Marc sent me a whole host of great Brewers cards from a number of different sets and years. These are some of the cards from the early and mid-1990s. 

I especially appreciate the Mariners Chris Bosio card because that is the kind of card I miss when putting together my want lists. Perhaps some day, when I have finished putting my want lists together completely, I'll go back and review all the photos from all the sets looking for cameos and "traded" cards like this one where the card issuer didn't try to repaint the player into his new uniform, as Topps almost always does.

Kenny Felder's Gold Topps card is in here as a reminder to everyone who watches drafts that not every player who is drafted makes it. Most don't, in fact. I feel like teams have gotten better at making first round selections count, but there are always guys who either provide high upside or who look good on paper and then don't pan out. The Brewers picked Felder 6 picks after the Yankees selected Derek Jeter and 11 picks before the Pirates selected Jason Kendall. 

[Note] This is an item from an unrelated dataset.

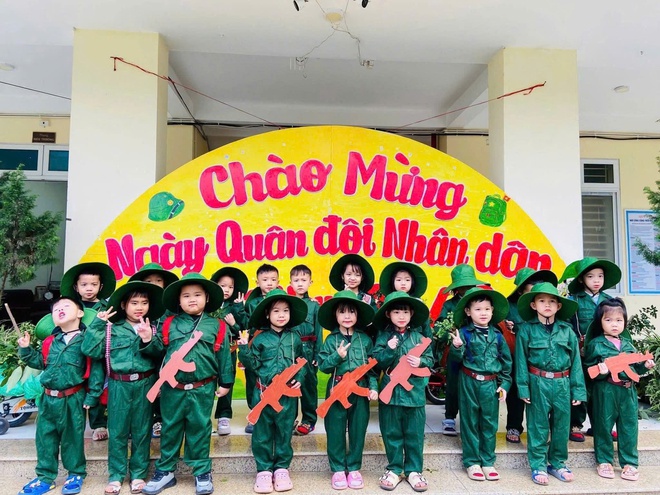 Trường Mầm non xã Yên Bài tổ chức hoạt động trải nghiệm với chủ đề “Chúng em là chiến sĩ”- Ảnh 7.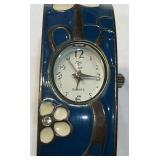 V - QUARTZ CUFF WATCH (J68)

Even so, Felder was not the biggest bust in the 1992 draft -- that was probably 3rd overall pick B.J. Wallace, who also never made it to the major leagues and was arrested for manufacturing methamphetamine in 2011. I can't find anything on how those charges played out, though I did find another arrest in 2013 for Amber McKenzie, the woman whom Wallace was arrested with, for drug possession. Sad things can happen when people fail spectacularly.

Perhaps unsurprisingly, MOAM? performed a cover of the "love theme" from Mystery Science Theater 3000. It would seem to be a natural crossover, after all -- MST3K's movies matched with MOAM?'s sound makes complete sense. As MOAM?'s Wikipedia entry notes, the band had MST3K's creator, Joel Hodgson, appear on stage at a show to sing the theme in 1996, and Joel's character on MST3K later claimed on show to have been a pyrotechnics roadie for the band. 

Some more recent vintage cards here. The Yount Perspectives goes right into my team collection, as does the Braun Fortune Teller. 

Mike Rivera is a guy I don't think I've ever even given a second thought about. Rivera spent 120 games over five different seasons on the Brewers bench (2006 to 2009 and again in 2011) and hit .261/.333/.421 -- not too bad, really, but he was behind Damian Miller (2006), Miller & Johnny Estrada (2007), and Jason Kendall (2008 & 2009) so he was never going to get much playing time even if (whisper it) he probably would have been a far better hitter than Kendall during those years.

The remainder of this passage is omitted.